Il declassamento della Russia – da grande potenza a media potenza posta sotto la tutela dei vincitori – sarebbe un’autentica rivoluzione per la storia delle relazioni internazionali. Proprio perché da almeno trecento anni la Russia è, o agisce come, una grande potenza. Tuttavia, poiché nessuno è mai riuscito a conquistare tutto il territorio russo e siccome il governo russo possiede circa seimila testate nucleari, è inutile chiedersi quali potrebbero essere le conseguenze sugli equilibri internazionali di tale rivoluzione. Prima bisogna domandarsi che cosa rimarrà della Russia e dei suoi avversari.

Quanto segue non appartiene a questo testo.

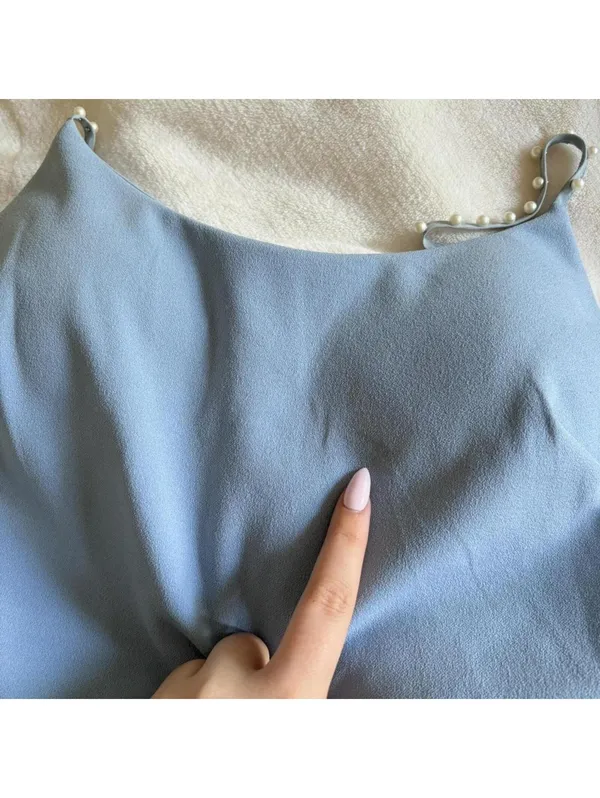 Women's Blue Dress Size M - Image 2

Comunque, ritornando alle pretese occidentali, non si capisce per quale motivo la Russia dovrebbe rinunciare alle proprie ambizioni dopo una sconfitta in Ucraina. Alcuni potrebbero sostenere che questa è la volta buona: in effetti negli ultimi secoli la Russia non è mai stata così piccola dal punto di vista territoriale e il fatto che abbia deciso di attaccare un paese fratello come l’Ucraina la dice lunga sulla gravità del suo declino. Ma chi è in grado di assicurare che Putin e i suoi soci, dopo la sconfitta, non vengano sostituiti da fazioni ancora più aggressive e nazionaliste? Gli eventi del 24 giugno hanno messo sotto gli occhi di tutti che razza di soggetti potrebbe prendere il potere in Russia dopo Putin.

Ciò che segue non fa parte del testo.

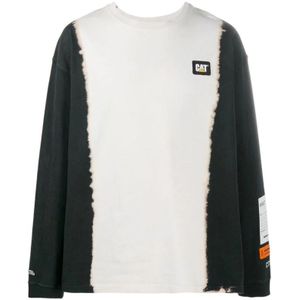 Heron Preston - Brushstroke Print T-shirt - Zwart - Katoen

La politica antirussa occidentale produrrà solo due risultati: aggravare ulteriormente i rapporti tra Nato e Russia, aumentando il rischio di una guerra; mettere i bastoni tra le ruote dell’esercito russo in Ucraina, rendendo la vittoria molto più onerosa sia sul piano politico, sia su quello militare. Questo secondo esito probabilmente non costringerà la Russia a rinunciare alle sue ambizioni ma sicuramente la spingerà a più miti consigli per il futuro.

 

 

Massimiliano Palladini

 

Note

[1] Jacqui Heinrich, Adam Sabes, Gen. Milley says Kyiv could fall within 72 hours if Russia decides to invade Ukraine: sources, foxnews.com, 5 febbraio 2022.

[2] Sharon Braithwaite, Zelensky refuses US offer to evacuate, saying “I need ammunition, not a ride”, edition.cnn.com, 26 febbraio 2022.

[3] Massimiliano Palladini, Scenario coreano per la guerra russo-ucraina, civitaseuropa.com, 8 gennaio 2023.

[4] Julian Borger, Barack Obama: Russia is a regional power showing weakness over Ukraine, theguardian.com, 25 marzo 2014.